Menurut ilmuwan, area sekitar Gunung Fuji dan Gunung Oyama di Jepang mengandung serpihan plastik yang sangat kecil iini. Mereka menyoroti bagaimana polusi dapat menyebar dari jarak jauh, mencemari tanaman dan air di planet ini melalui “curah hujan plastik”.

Mikroplastik sangat terkonsentrasi dalam sampel yang dikumpulkan para peneliti sehingga diperkirakan menyebabkan terbentuknya awan sekaligus mengeluarkan gas rumah kaca.

“Jika isu 'polusi udara plastik' tidak ditangani secara proaktif, perubahan iklim dan risiko ekologi dapat menjadi kenyataan, sehingga menyebabkan kerusakan lingkungan yang serius dan tidak dapat diperbaiki di masa depan,” kata Hiroshi Okochi, penulis utama studi dan profesor di Universitas Waseda, dalam sebuah rilis. 

Gunung Fuji, Jepang, dikelilingi awan. Penelitian mengungkap bahwa mikroplastik ditemukan di awan sekitar gunung ini. Dok Pixabay

Makalah ini telah melalui penelaahan sejawat (peer-review) dan diterbitkan di Environmental Chemistry Letters.
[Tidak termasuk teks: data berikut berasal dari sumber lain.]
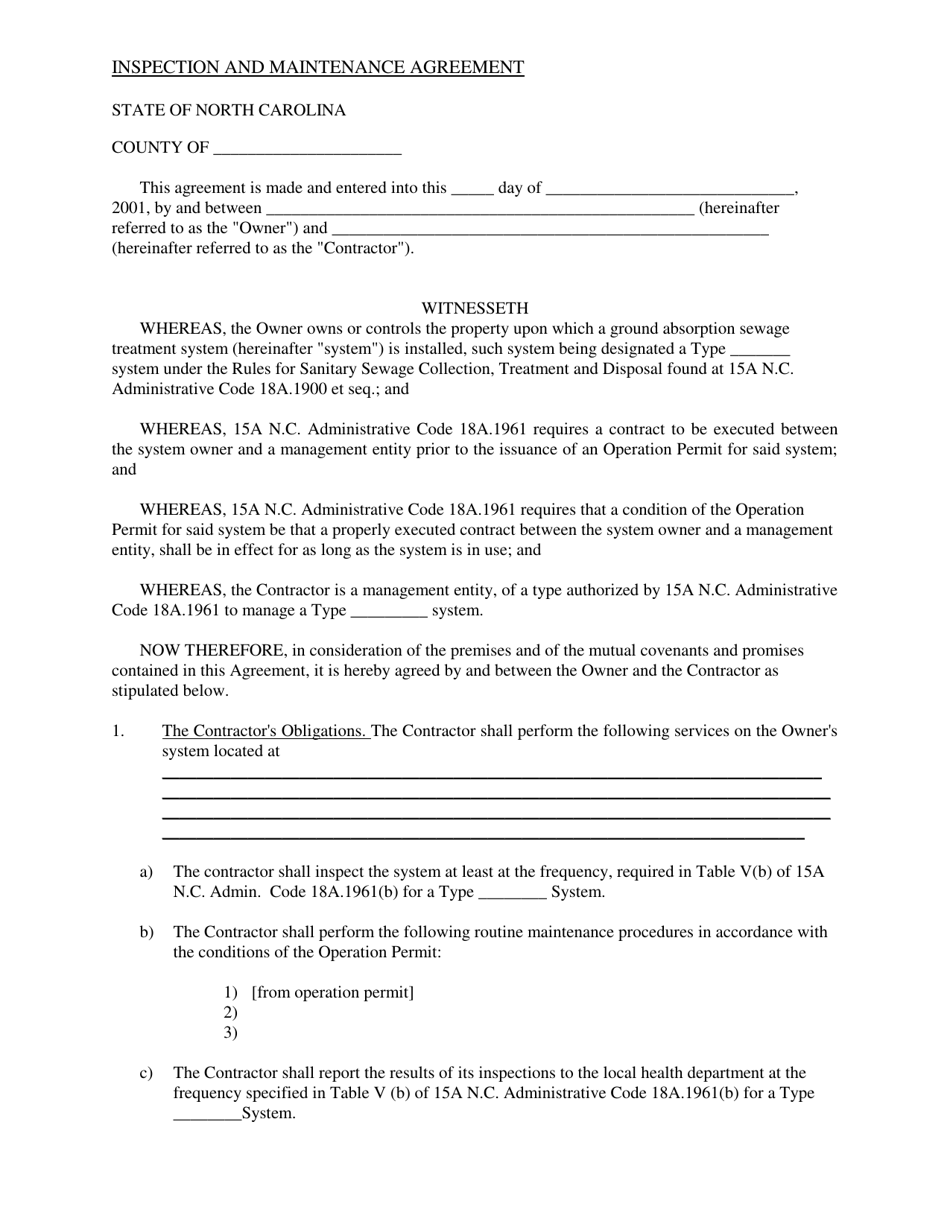 Inspection and Maintenance Agreement - Wake County, North Carolina, Page 1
Penulis yakin ini adalah makalah pertama yang meneliti kandungan mikroplastik di awan.

Polusi tersebut terdiri dari partikel plastik berukuran kurang dari lima milimeter yang dilepaskan dari potongan plastik yang lebih besar selama proses degradasi. Mereka juga ditambahkan ke beberapa produk, atau dibuang ke limbah industri. Ban dianggap sebagai salah satu sumber utama penyebab hal ini, begitu pula manik-manik plastik yang digunakan dalam produk perawatan pribadi. Penelitian terbaru menunjukkan bahwa limbah tersebut terakumulasi secara luas di seluruh dunia. Sebanyak 10 juta ton diperkirakan berakhir di lautan setiap tahunnya.
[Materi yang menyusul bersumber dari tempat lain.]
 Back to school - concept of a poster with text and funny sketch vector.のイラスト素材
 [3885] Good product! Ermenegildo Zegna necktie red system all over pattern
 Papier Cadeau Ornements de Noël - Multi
Manusia dan hewan menelan atau menghirup mikroplastik dalam jumlah besar, yang terdeteksi di paru-paru, otak, jantung, darah, plasenta, dan kotoran manusia. Toksisitasnya masih dipelajari, tetapi penelitian baru dengan subjek tikus yang terpapar mikroplastik menunjukkan adanya masalah kesehatan, seperti perubahan perilaku, dan penelitian lain menemukan kaitannya dengan kanker dan sindrom iritasi usus besar.

Peneliti di Universitas Waseda mengumpulkan sampel pada ketinggian berkisar antara 1.300-3.776 meter, yang mengungkapkan sembilan jenis polimer, seperti poliuretan, dan satu jenis karet. Kabut di awan tersebut mengandung sekitar 6,7 hingga 13,9 keping mikroplastik per liter, dan di antara mikroplastik tersebut terdapat sejumlah besar serpihan plastik yang “menyukai air”, yang menunjukkan bahwa polusi “memainkan peran penting dalam pembentukan awan yang cepat, yang pada akhirnya dapat mempengaruhi iklim secara keseluruhan,” kata para peneliti dalam siaran pers. 

Hal ini berpotensi menjadi masalah karena mikroplastik terurai lebih cepat ketika terkena sinar ultraviolet di atmosfer bagian atas, dan mengeluarkan gas rumah kaca. Konsentrasi mikroplastik yang tinggi di awan di wilayah kutub yang sensitif dapat mengganggu keseimbangan ekologi, tulis para penulis.

Temuan ini juga menyoroti betapa mikroplastik sangat mudah berpindah dan dapat berpindah jarak jauh melalui udara dan lingkungan. Penelitian sebelumnya telah menemukan material tersebut dalam air hujan, dan penulis studi tersebut mengatakan bahwa sumber utama plastik di udara mungkin berasal dari semprotan laut, atau aerosol, yang dilepaskan saat ombak menerjang atau gelembung laut pecah. Debu yang ditimbulkan oleh mobil di jalan raya juga merupakan sumber potensial lainnya, kata para penulis.